For parts (a) through (c), indicate which of i. through iv. is correct. Justify your answer.
(a) The lasso, relative to least squares, is:
i. More flexible and hence will give improved prediction accuracy when its increase in bias is less than its decrease in variance.
ii. More flexible and hence will give improved prediction accuracy when its increase in variance is less than its decrease in bias.
iii. Less flexible and hence will give improved prediction accuracy when its increase in bias is less than its decrease in variance.
iv. Less flexible and hence will give improved prediction accuracy when its increase in variance is less than its decrease in bias.
ANSWER: iii. The lasso is less flexible and will give improved prediction accuracy as long as the increase in bias is less than the decrease in variance.

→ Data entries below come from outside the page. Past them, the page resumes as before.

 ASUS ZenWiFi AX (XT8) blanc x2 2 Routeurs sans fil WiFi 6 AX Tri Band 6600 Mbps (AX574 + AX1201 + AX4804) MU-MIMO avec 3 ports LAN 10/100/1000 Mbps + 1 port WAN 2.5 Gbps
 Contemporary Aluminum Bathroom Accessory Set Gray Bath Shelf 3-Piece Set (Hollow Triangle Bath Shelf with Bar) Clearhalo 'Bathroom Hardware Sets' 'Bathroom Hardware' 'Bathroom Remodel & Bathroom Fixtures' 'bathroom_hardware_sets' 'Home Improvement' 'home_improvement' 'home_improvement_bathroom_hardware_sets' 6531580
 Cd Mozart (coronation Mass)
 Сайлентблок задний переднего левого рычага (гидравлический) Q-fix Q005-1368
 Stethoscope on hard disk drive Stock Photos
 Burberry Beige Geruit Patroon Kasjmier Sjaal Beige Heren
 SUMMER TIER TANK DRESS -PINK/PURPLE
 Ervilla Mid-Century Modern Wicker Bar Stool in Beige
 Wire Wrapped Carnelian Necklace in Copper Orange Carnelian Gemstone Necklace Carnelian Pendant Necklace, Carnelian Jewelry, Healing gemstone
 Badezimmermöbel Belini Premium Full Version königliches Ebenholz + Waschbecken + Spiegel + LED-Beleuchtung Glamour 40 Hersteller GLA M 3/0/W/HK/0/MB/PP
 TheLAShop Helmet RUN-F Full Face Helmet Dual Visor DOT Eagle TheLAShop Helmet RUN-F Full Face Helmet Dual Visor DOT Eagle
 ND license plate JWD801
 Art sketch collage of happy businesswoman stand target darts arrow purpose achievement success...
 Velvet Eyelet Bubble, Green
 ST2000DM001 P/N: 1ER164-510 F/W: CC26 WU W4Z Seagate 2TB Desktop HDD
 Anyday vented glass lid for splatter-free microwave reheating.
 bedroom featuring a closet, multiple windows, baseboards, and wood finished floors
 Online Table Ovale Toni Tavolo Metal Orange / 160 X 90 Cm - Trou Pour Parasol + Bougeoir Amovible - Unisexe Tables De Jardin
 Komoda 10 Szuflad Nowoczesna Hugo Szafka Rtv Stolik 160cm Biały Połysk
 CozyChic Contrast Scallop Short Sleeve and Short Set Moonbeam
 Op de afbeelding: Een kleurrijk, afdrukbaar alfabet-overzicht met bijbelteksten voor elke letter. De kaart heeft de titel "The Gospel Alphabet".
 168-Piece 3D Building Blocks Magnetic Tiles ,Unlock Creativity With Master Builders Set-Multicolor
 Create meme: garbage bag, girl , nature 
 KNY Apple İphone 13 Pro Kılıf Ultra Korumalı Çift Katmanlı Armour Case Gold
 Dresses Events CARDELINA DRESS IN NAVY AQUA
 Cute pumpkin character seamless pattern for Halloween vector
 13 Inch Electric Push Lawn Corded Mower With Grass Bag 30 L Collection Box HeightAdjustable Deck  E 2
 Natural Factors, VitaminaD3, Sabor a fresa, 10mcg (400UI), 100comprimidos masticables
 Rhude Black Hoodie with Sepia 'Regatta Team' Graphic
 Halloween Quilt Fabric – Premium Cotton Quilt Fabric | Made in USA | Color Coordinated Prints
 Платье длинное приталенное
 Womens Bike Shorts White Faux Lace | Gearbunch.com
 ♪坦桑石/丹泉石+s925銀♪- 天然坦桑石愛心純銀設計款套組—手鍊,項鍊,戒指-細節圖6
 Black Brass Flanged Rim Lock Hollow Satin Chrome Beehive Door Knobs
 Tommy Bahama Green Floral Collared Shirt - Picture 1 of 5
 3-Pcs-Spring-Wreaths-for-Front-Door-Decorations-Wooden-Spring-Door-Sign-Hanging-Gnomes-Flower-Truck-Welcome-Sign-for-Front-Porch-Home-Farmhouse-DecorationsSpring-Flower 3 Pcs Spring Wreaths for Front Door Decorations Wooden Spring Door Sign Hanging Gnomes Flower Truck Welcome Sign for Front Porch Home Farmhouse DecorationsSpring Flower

Lasso shrinks coefficient estimates of less-useful variables to zero, at the cost of a small increase in bias, which is generally worth it to minimize variance.
(b) Repeat (a) for ridge regression relative to least squares.
ANSWER: iii. For the same reasons as part (a), except ridge regression does not shring the less-useful variable coefficients to zero like lasso. Ridge regression still minimizes the coefficients of variables and reduces variance with a slight increase in bias.
(c) Repeat (a) for non-linear methods relative to least squares.
ANSWER: ii. More flexible and will give improved prediction accuracy when its increase in variance is less than its decrease in bias. Non-linear methods are more flexible because they make less assumptions about the form of the function. Relationships between predictors and the response are approximated which leads to a decrease in bias that outweighs and increase in variance, resulting in higher prediction accuracy.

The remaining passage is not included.